**RECORD SET:**
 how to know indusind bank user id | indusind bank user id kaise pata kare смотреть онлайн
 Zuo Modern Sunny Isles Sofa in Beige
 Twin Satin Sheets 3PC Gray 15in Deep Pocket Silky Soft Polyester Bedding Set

...

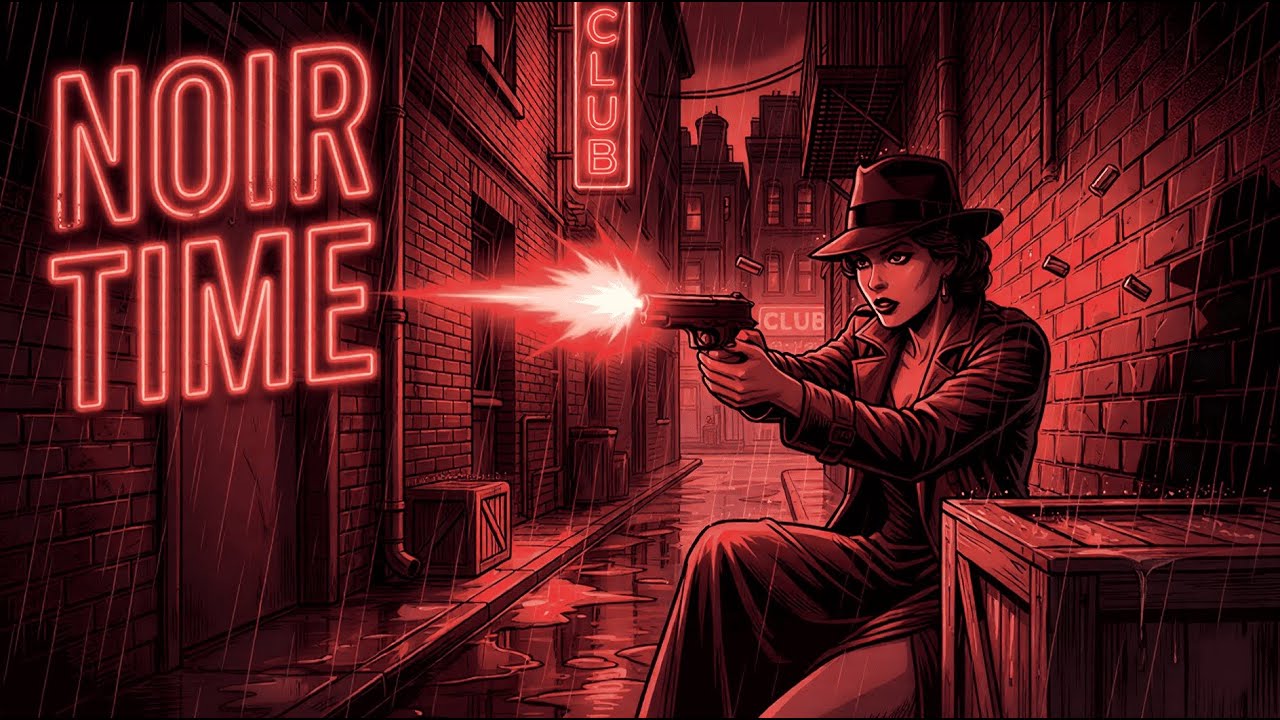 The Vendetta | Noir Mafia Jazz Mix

* * *

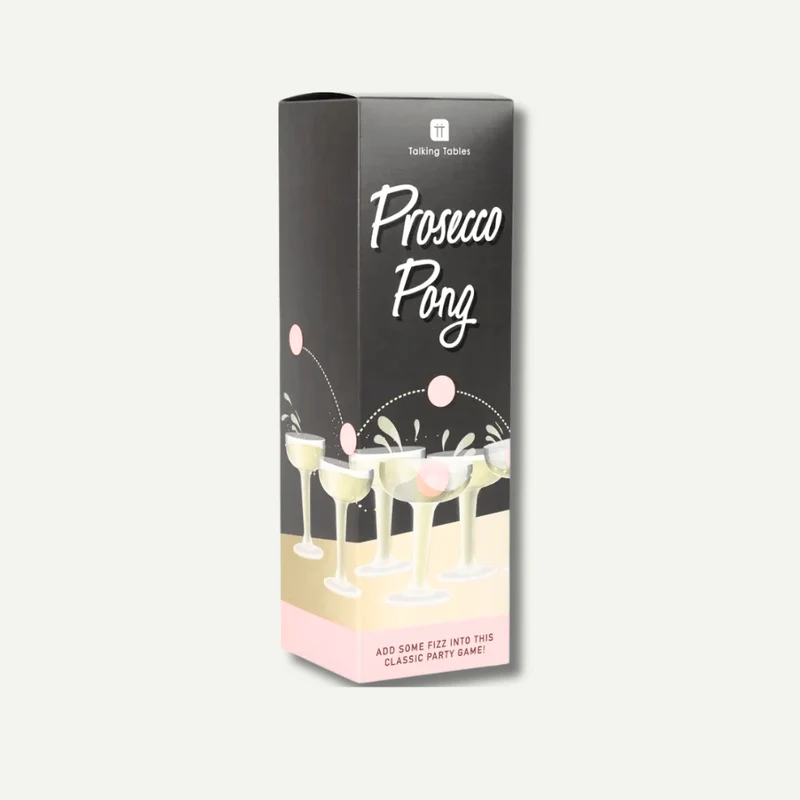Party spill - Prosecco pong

**EXERCISE REQUIREMENTS:** Reproduce, word for word and in full, only the lines above that start at the line with "Zuo Modern Sunny Isles Sofa in Beige" and run through the line with "Twin Satin Sheets", both ends included.

**REPLY TO THE TASK:**
 Zuo Modern Sunny Isles Sofa in Beige
 Twin Satin Sheets 3PC Gray 15in Deep Pocket Silky Soft Polyester Bedding Set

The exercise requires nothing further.